Dirinya menjelaskan, bahwa UU ITE pada awal pembahasannya sangat mulia untuk memberi kepastian hukum bagi para pelaku ekonomi dan bisnis di dunia maya (elektronik). Seiring berjalannya waktu, dalam implementasinya UU ITE justru lebih kental nuansa hukum pencemaran nama baiknya daripada soal transkasi ekonomi-bisnisnya.

"Pasal 27 ayat 3 tentang pencemaran nama baik dianggap pasal karet dan dijadikan alat untuk mengkriminalisasi masyarakat, hingga banyak korban berjatuhan. Banyak orang dilaporkan, ditangkap dan ditahan karena menyampaikan pendapatnya di internet," ungkapnya.

Oleh karena itu, dikatakan Sukamta, UU ITE direvisi menjadi UU RI Nomor 19 tahun 2016. Saat itu beberapa hal direvisi seperti soal pemblokiran situs internet, right to be forgotten (hak untuk dilupakan), penyadapan, penyidikan, dan termasuk pasal pencemaran nama baik yang dikurangi maksimal ancaman pidana penjaranya dari 6 tahun menjadi 4 tahun.

Ia menuturkan, saat itu Fraksi PKS meminta agar pasal pencemaran nama baik ditinjau ulang, bahkan kalau perlu dihapus saja, mengingat sudah diatur dalam KUHP, agar tidak ada duplikasi pengaturan. Namun Hanya fraksi PKS dan PAN yang dianggap progresif pandangannya terhadap pasal tersebut

Sukamta yang juga bertindak sebagai anggota Panja Revisi UU ITE saat itu, menjelaskan bahwa dalam dinamika pembahasan, mayoritas fraksi pendukung koalisi pemerintah menginginkan pasal tersebut tetap dipertahankan dengan pengurangan maksimal ancaman pidana penjara agar tidak ada lagi kriminalisasi dengan penahanan sebelum putusan hukum tetap dari pengadilan. Hingga akhirnya disahkan revisi UU ITE seperti yang sekarang.

"Pada implementasinya, ternyata masih banyak proses hukum kasus pencemaran nama baik di lapangan yang tidak sesuai dengan spirit revisi tersebut. Malah terakhir kriminalisasi melebar ke pasal-pasal lain seperti pasal soal hoax dan pasal keonaran yang juga dianggap pasal karet," tuturnya

Anggota Komisi I DPR, Christina Aryani, mendukung pernyataan Presiden Jokowi yang membuka ruang bagi pemerintah dan DPR untuk duduk bersama membahas UU ITE. Ia mengapresiasi sikap Presiden Jokowi yang menangkap kegusaran masyarakat terkait UU ITE tersebut.
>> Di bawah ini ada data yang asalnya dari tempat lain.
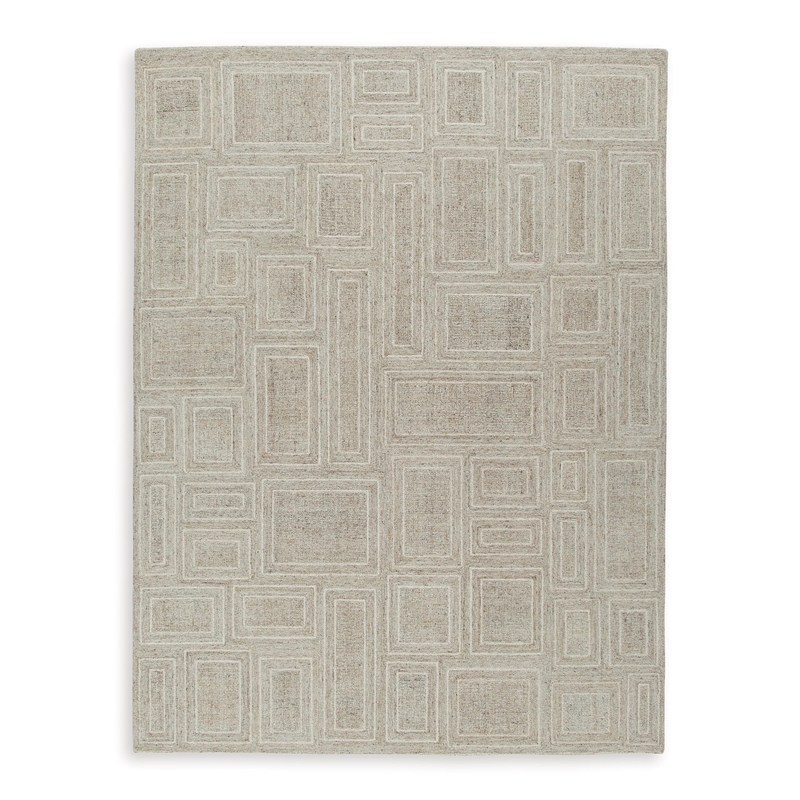 Bowery Hill Modern / Contemporary Gray & Ivory Finish 8x10 Rug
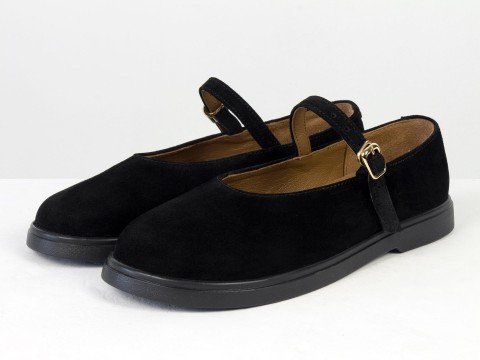 Туфлі Mary Jane із натуральної замші чорного кольору на анатомічній колодці Gino Figini, фото 4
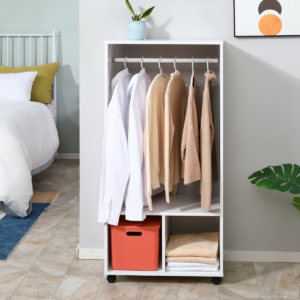 Open Wardrobe Clothes Rail Bedroom Clothes Storage w/ Hanging Rod Shelves White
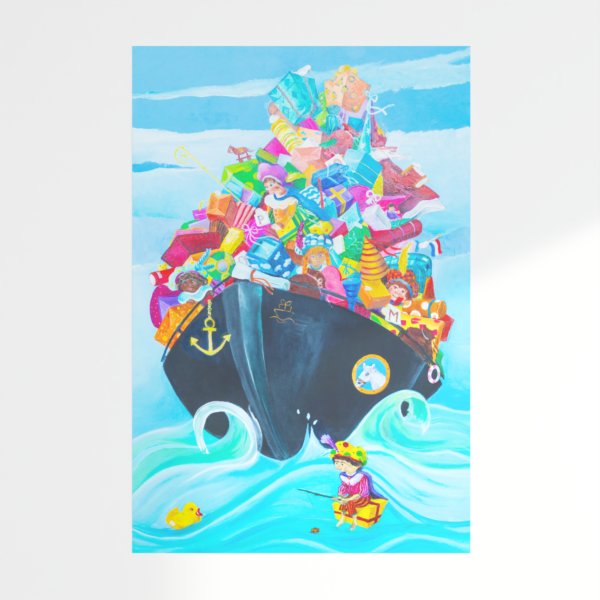 De pakjesboot van sinterklaas - Poster van Twinkelschilderijen - Ideaal als cadeau of wanddecoratie om sfeer te creëren tijdens het sinterklaasfeest!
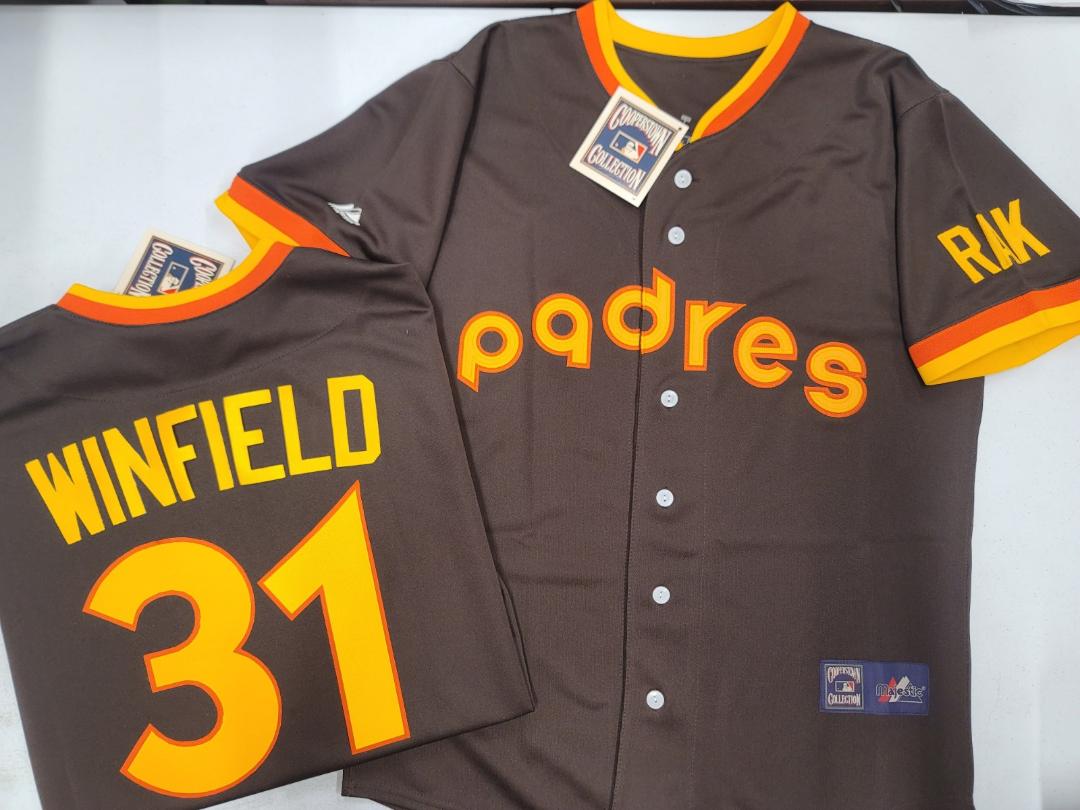 Dave Winfield 1984 San Diego Padres Men's Cooperstown Brown Throwback Jersey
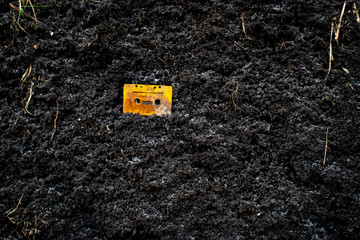 Retro cassette in dirt background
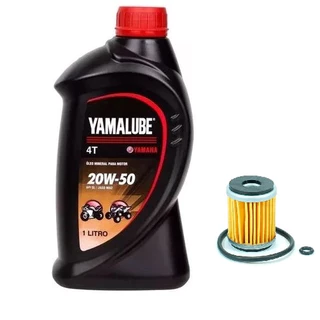 kit 1 litro óleo de moto yamalube 20w50 + filtro Yamaha Fazer YS 150/ Crosser 150/ Factor 150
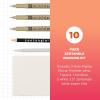 imageSAKURA Zentangle Tool Set  1 Black Pigma Micron Pens 2 Gray Micron Pens 1 Black Graphite Pencil 1 Tortillion 5 35quot White Paper Tiles  White Zentangle Tiles  10 Piece Set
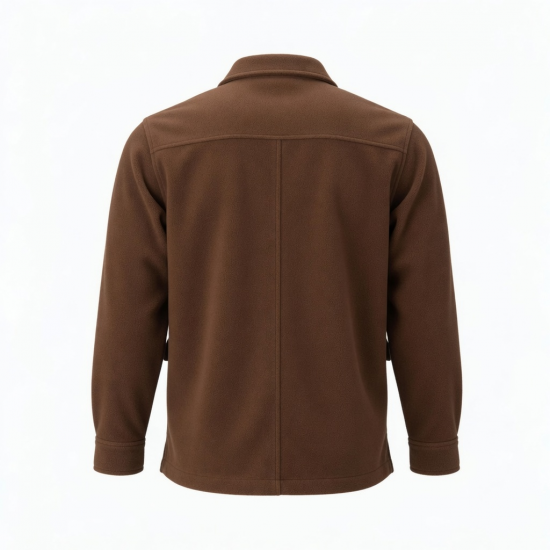 BC Clothing Co. Brown Fleece Button Front Jacket Collared Pockets Mens L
"Banyak masukan ke kami dari NGO dan masyarakat terkait urgensi revisi pasal-pasal karet dalam UU ITE," kata Christina Republika, Selasa (16/2).

Ia mengatakan, pernyataan Presiden Jokowi kemarin sebenarnya meminta agar Kapolri membuat pedoman interpretasi resmi terkait pasal-pasal UU ITE yang berpotensi multitafsir. Pedoman tersebut digunakan oleh institusi kepolisian dalam menerima laporan atau menjalankan penyelidikan/penyidikan.

"Apabila dalam level peraturan tersebut (peraturan kapolri atau surat edaran kapolri) problem multifasir maupun saling lapor sudah bisa dieliminir maka revisi UU ITE belum diperlukan, namun jika ternyata implementasi di lapangan masih tidak sesuai dengan harapan, maka revisi UU ITE menjadi satu-satunya jalan keluar," ujarnya.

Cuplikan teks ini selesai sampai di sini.